Only a native can provide a rich portrait of the habits, local fare, and eclectic characters that can make Southern California, despite its expanse, feel like a quaint little town. Filmmaker Alberto Barboza is just that kind of guide and his debut film, Cry Now, provides an insider’s tour of the highways and dives where Chicanos retread old country in post-punk attire. Barboza hails from South Gate, a mostly working class Latino neighborhood nestled between Watts & Downey. Cry Now, a film recently featured by New Filmmakers Los Angeles, centers on Vincent and Luzy, two star-crossed lovers whose attraction for one another is bridled by their respective significant others.
Vincent’s search for Luzy, a chola Madonna practically lifted off the pages of Love and Rockets, is the vehicle by which we experience LA’s unique music scene; Very Be Careful, Doghouse Lords and a lusciously understated Irene Diaz treat the audience to live performances. We caught up with Barboza to discuss East L.A. as muse; filming inside the legendary Self-Help Graphics, where the Chicano punk scene was born; and what it was like to work with such distinguished talents as Lupe Ontiveros, an award-winning actress and great supporter of independent cinema, who unfortunately passed away before the film’s completion.
Where in Southern California did you grow up? What was it like?
I grew up in South Gate, which was mostly first generation, Mexican-American families working to own their homes. The 80s were sunny: the Dodgers were champs and the Olympics were cool. The 90s were darker and moodier: Seattle grunge, British rock, gangster rap, and banda were popular at the Record Store. The 2000s were rough and tough as the city of South Gate was riddled with corruption. My family still owns their home in South Gate. We shot the scenes with Lupe Ontiveros in that house.
What is the one movie you remember watching that made you decide you wanted to be a filmmaker? What was it about it?
Los Olvidados, by Luis Buñuel. It’s about poverty as experienced by children. It was inscribed on UNESCO’s “Memory of the World” Register in 2003 in recognition of its historical significance. It’s a masterful film both in content and aesthetics. The nickname of Cry Now‘s protagonist is Ojitos, which is a reference to a central character in Los Olvidados.
What was the genesis for Cry Now? Is it autobiographical?
Originally the film was titled On The Run. It was a film our company, Cinético Producitons, thought we could make quickly and for a low cost. I wrote it with that in mind, but then you put together a reasonable budget and realize you have to raise money. It’s not autobiographical, but it’s set in a world I know very well. Most of the collaborators on the film were written into the first draft. All of them agreed to go on this ride with us.
There are some incredibly fierce female characters in your film. Who did you base them on?
My friends. In the film, the two female leads run their own business. So do my friends. I consulted with fellow filmmakers and friends on the female characters and made adjustments given their feedback or advice.
What are some lessons you gathered from working with such talented veteran actors like Sal Lopez and Lupe Ontiveros?
Lupe was a godsend. She was irreverent to the politics of the industry and proudly portrayed her characters. Lupe will be with me for the rest of my life. She believed in us. It’s my second time working with Sal and I look forward to the next ten. He’s hands down, one the best actors on film and stage. Working with actors like them elevated the entire production.
How did you choose the music for the film? Did you know the artists? What about some of the tracks themselves?
Very Be Careful, Hermanos Herrera, The Delirians, T’aarach and the Phony Bastards, Irene Diaz, Doghouse Lords, Quetzal Guerrero, CC Valentine, Profesor Galactico, Clemente Ruiz, are all inspiring artists on our soundtrack. I am fortunate to know them as friends. It started with “Ojitos” by Very Be Careful. I wanted our protagonists to meet under the spell of such a proclamation of love as “Ojitos”. The next big find was “Voodoo Lucy” by the Doghouse Lords. It helped close the first act of the film. Both bands perform live in the film.

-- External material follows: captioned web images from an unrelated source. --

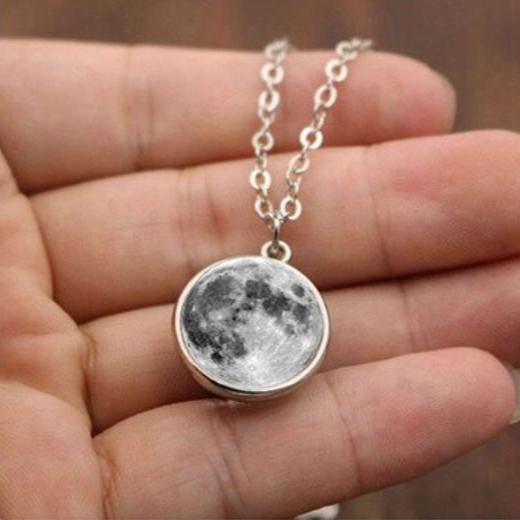 MOON PENDANT GLOW IN DARK CHAIN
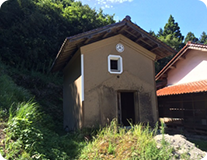 倉庫の解体工事前の状態を示すイメージ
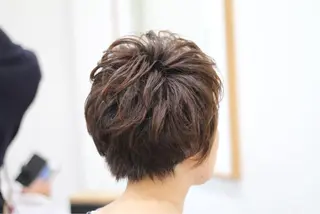ショート カラー パーマ 矢島 真樹のヘアスタイル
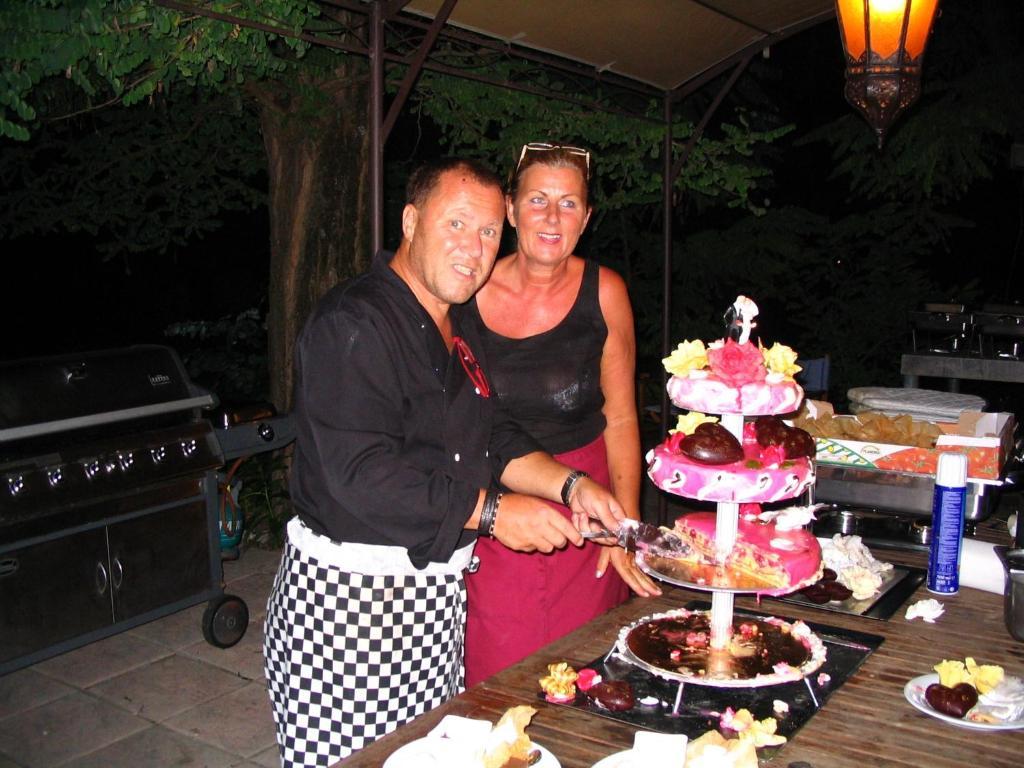 Le Mas Shabanou Bed and Breakfast Roquefort-les-Pins Exteriör bild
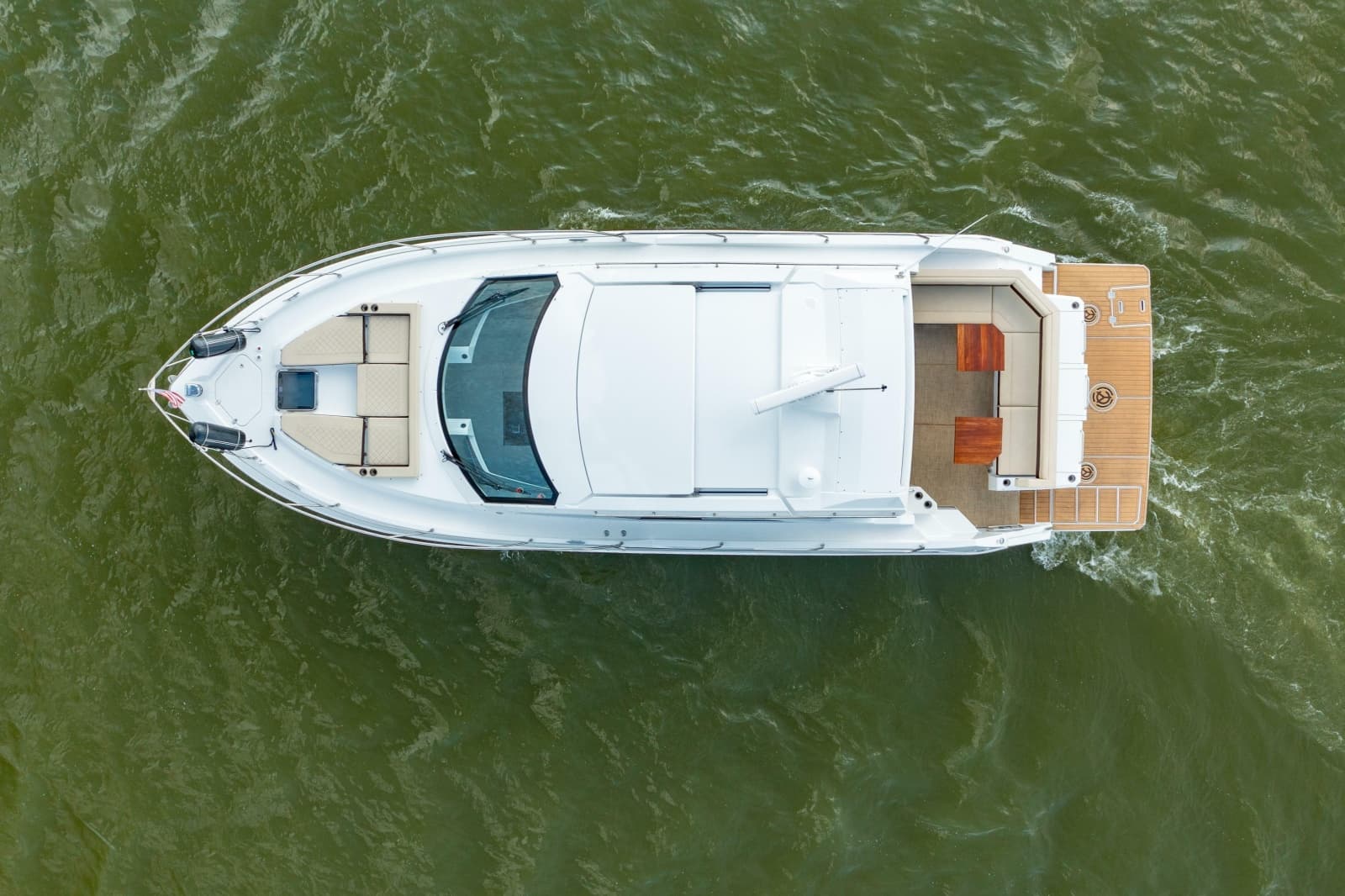 2019 Cruisers Yachts 42 Cantius - Photo 7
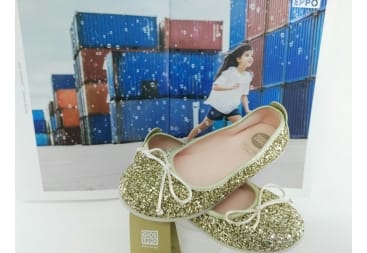 Sabrinas purpurina oro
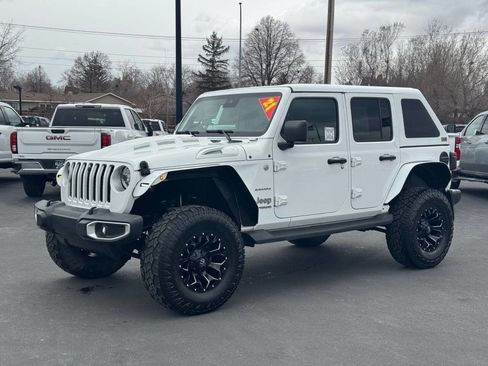 Used 2021 Jeep Wrangler Unlimited Sahara w/ Uconnect 4C Nav & Sound Group image 12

What are some great, lesser-known East L.A./BoHo locations that we should look out for in the film? Do any of them have special meaning for you?
Self Help Graphics is one of our greater known locations on the Eastside, and we had an opportunity to film at their old venue. We open our film there. The folks at M Bar, Corazon Del Pueblo, Eastside Luv, Casa 0101, Liliflor Art Studio, and shops on 1st Street, are really cool and were very supportive.
What do you think Latino/Chicano films and stories have to offer American and international audiences?
Our dignified point of view from the working class. Our imagination and our aesthetics. Our ideas of a future society.